§ **WORK REQUIRED**
Print the whole listing below exactly as given, pictures excluded.

§ **DATASET EXCERPT**
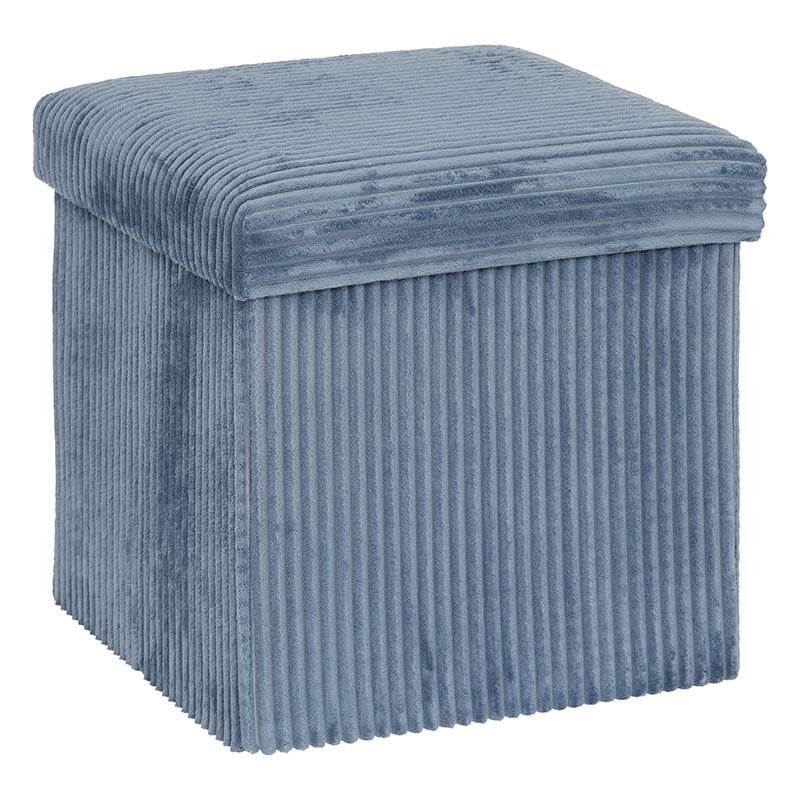 Electrodepot Pouf Pliable 38Xx38Cm Velours Bleu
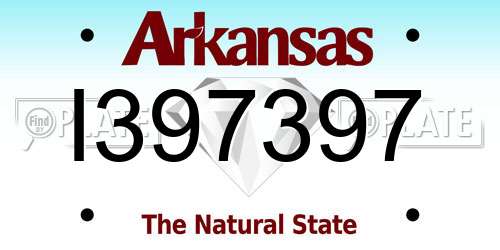 I397397 Arkansas License Plate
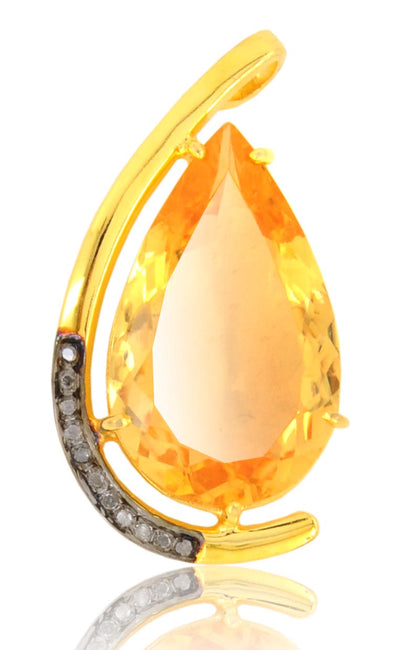 15-20cts Pear Shape Citrine Pendant in Sterling Silver With Rosecut Diamond Accents - ZeeDiamonds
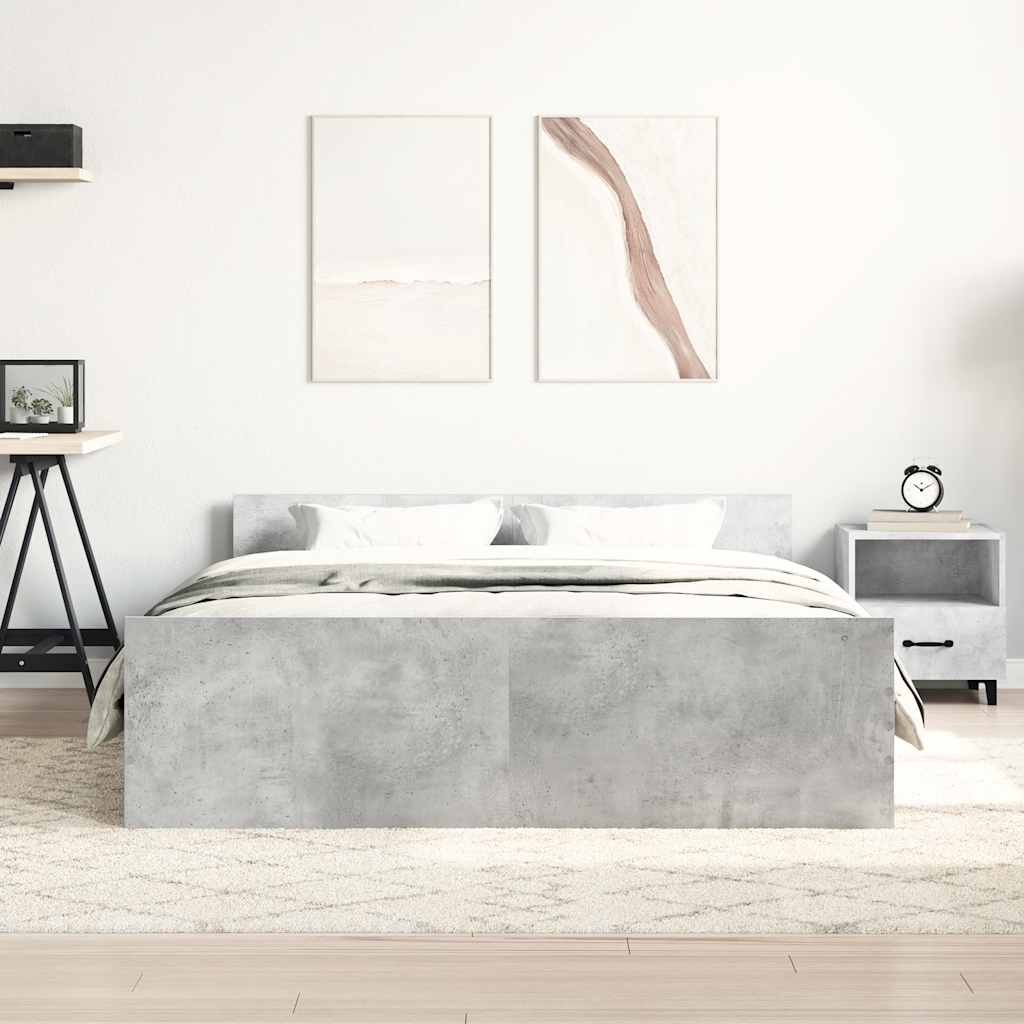 Giroletto con Testiera e Pediera Grigio Cemento 135x190 cm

§ **RESPONSE FOR THIS EXERCISE**
 Electrodepot Pouf Pliable 38Xx38Cm Velours Bleu
 I397397 Arkansas License Plate
 15-20cts Pear Shape Citrine Pendant in Sterling Silver With Rosecut Diamond Accents - ZeeDiamonds
 Giroletto con Testiera e Pediera Grigio Cemento 135x190 cm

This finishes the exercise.